Filologo e critico (Regalbuto, Enna, 1903), professore nelle università di Torino (1942-1956) e di Genova; allievo di M. Casella e di M. Barbi; studioso eminente del Boccaccio, del Sacchetti, oltre che di D., al cui studio fu introdotto dal Barbi nella ricerca sulla corrispondenza poetica tra D. e G. Quirini (in collaborazione con M. Barbi, in " Studi d. " XXV [1940] 81-129). Se è provata, al di là di ogni dubbio, l'ammirazione del poeta veneto per D., occorre per questo riconoscere come autentici i sonetti responsivi che un certo numero di manoscritti surrettiziamente introduce tra le poesie del Quirini, attribuendoli a Dante? Il P., nel rispondere a questo quesito, respinge ogni suggestione impressionistica considerando come unica verifica valida lo spoglio esauriente di quei codici che mescolano la voce di D. a quella del suo minore confratello veneto: il Canoniciano Ital. III di Oxford e l'Ambrosiano o 63 sup., a esso affine perché risalente per una diversa via a una medesima fonte, fonte a cui pure attingono i trascrittori del Magliabechiano VII 1060 e del Marciano italiano IX 191.

Il controllo serrato dei codici affini rivela allo studioso il comportamento erratico dell'Ambrosiano nelle rubriche di attribuzione e la maggiore fedeltà alla fonte comune del Canoniciano di Oxford quando dà adespote le rime che l'Ambrosiano non esita ad attribuire a Dante. Per progressiva eliminazione, il P. è portato a concentrare la sua attenzione conclusiva sui due sonetti considerati tra le rime dubbie di D. nell'edizione del '21: Nulla mi parve mai più crudel cosa, e Non siegue umanità, ma più che drago. Certo il linguaggio del primo sonetto non è del tutto indegno di D., ma notando la disparità di comportamento tra il Canoniciano di Oxford che lo da adespota e l'Ambrosiano che lo dice di D., e considerando più quiriniano che dantesco il comportamento metrico delle volte (abbbaa), lo studioso finisce con l'orientarsi, circa una possibile attribuzione a D., verso un dubbio inclinante più al diniego che all'assenso.
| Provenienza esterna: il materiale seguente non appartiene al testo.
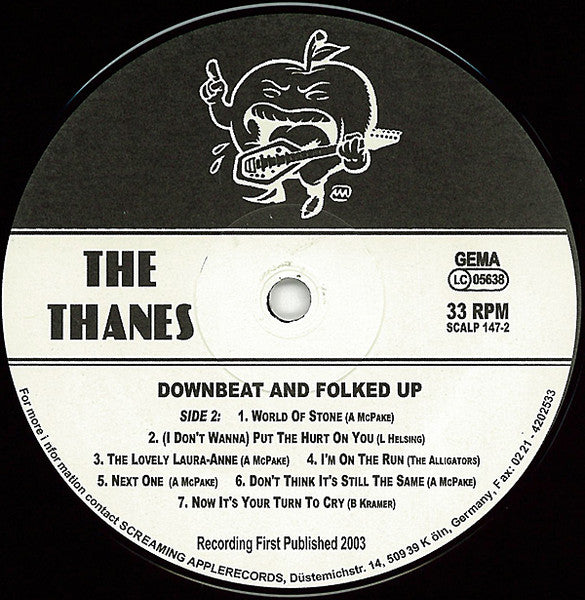 The Thanes : Downbeat And Folked Up (LP, Album)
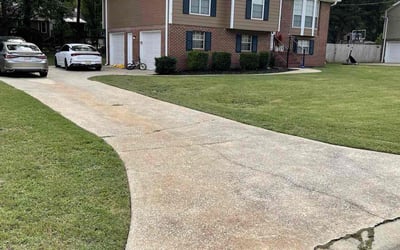 Photo of Michael H.'s yard after getting lawn care in Trussville, AL
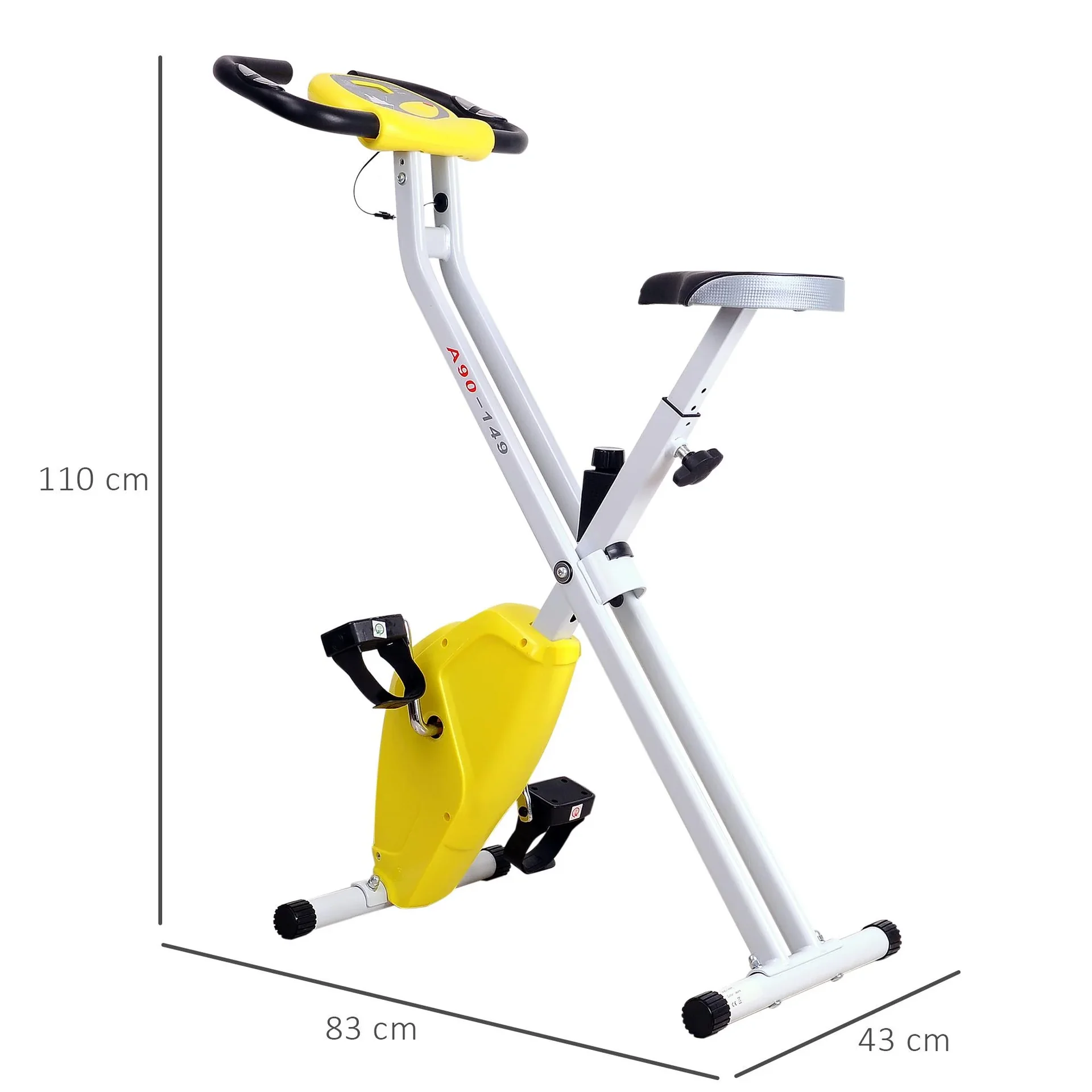 Heimtrainer mit LCD-Monitor, gelb - 1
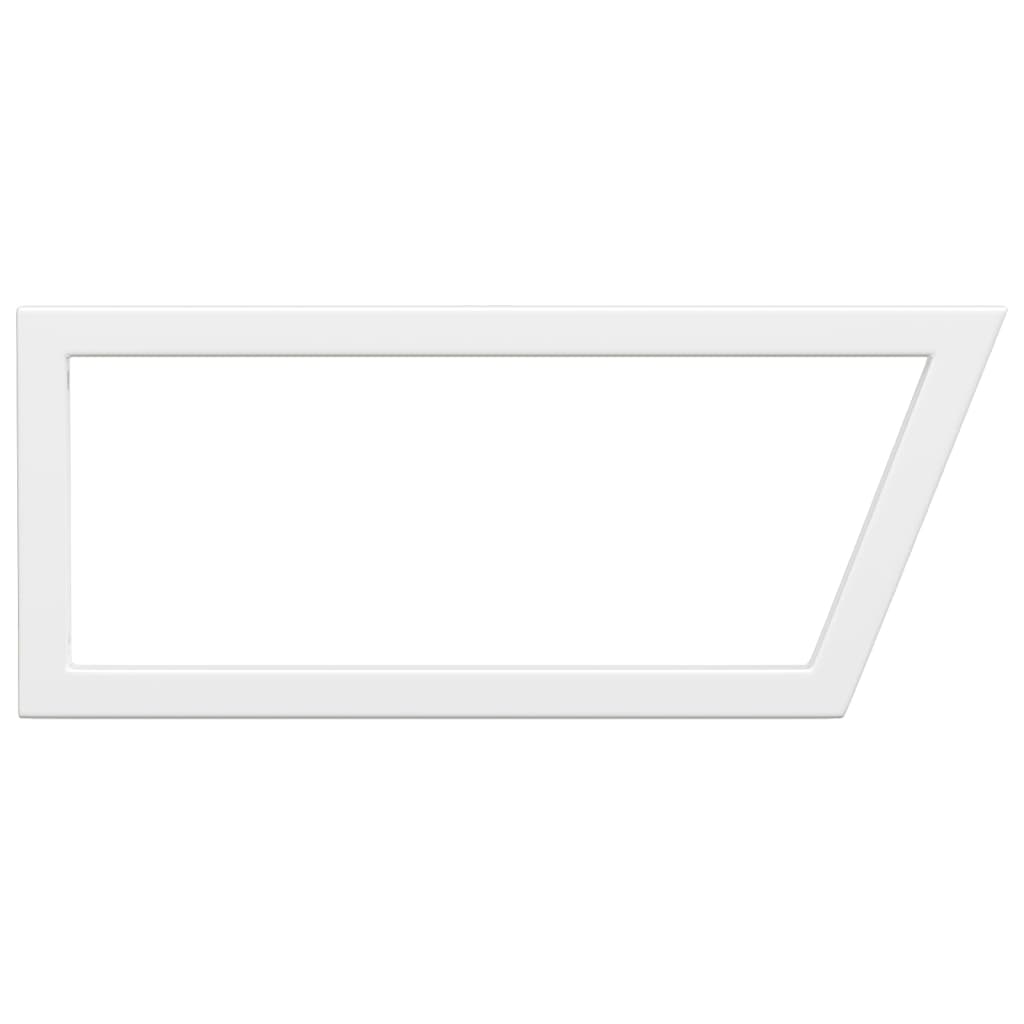 Suportes de prateleira p/lavatório 2pcs aço trapezoidais branco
Di provenienza barbiana è anche il suggerimento che porta il P. a studiare (" Studi d. " XXVII [1943] 63-93) l'intricata tradizione manoscritta del sonetto di Cino E' non è legno di sì forti nocchi, attribuito a D. perché vincolato tra l'altro a memorie dantesche da una patina petrosa e appariscente, anche se alquanto inerte.

I contributi più duraturi del P. allo studio di D. sono costituiti dal lungo rigoroso lavoro per l'edizione delle Rime della maturità e dell'esilio, in collaborazione col Barbi (Firenze 1969), e dallo scritto Per il testo critico del Convivio (" Studi d. " XXVIII [1949] 145-182), apparso in estratto nel 1942. In un certo senso, questo scritto rappresenta una messa a punto sobria e sostanziosa sull'edizione del Convivio curata dal Busnelli e dal Vandelli e apparsa nel 1937, anche se in realtà all'edizione del '37 lo studioso dà solo uno sguardo cursorio seguito da un giudizio assai equo: favorevole, per quanto riguarda il miglioramento delle lezioni che rappresentano spesso un correttivo accettabile al radicalismo congetturale dell'edizione Parodi-Pellegrini, giustamente limitativo per quanto riguarda il contributo di essa allo studio della tradizione manoscritta.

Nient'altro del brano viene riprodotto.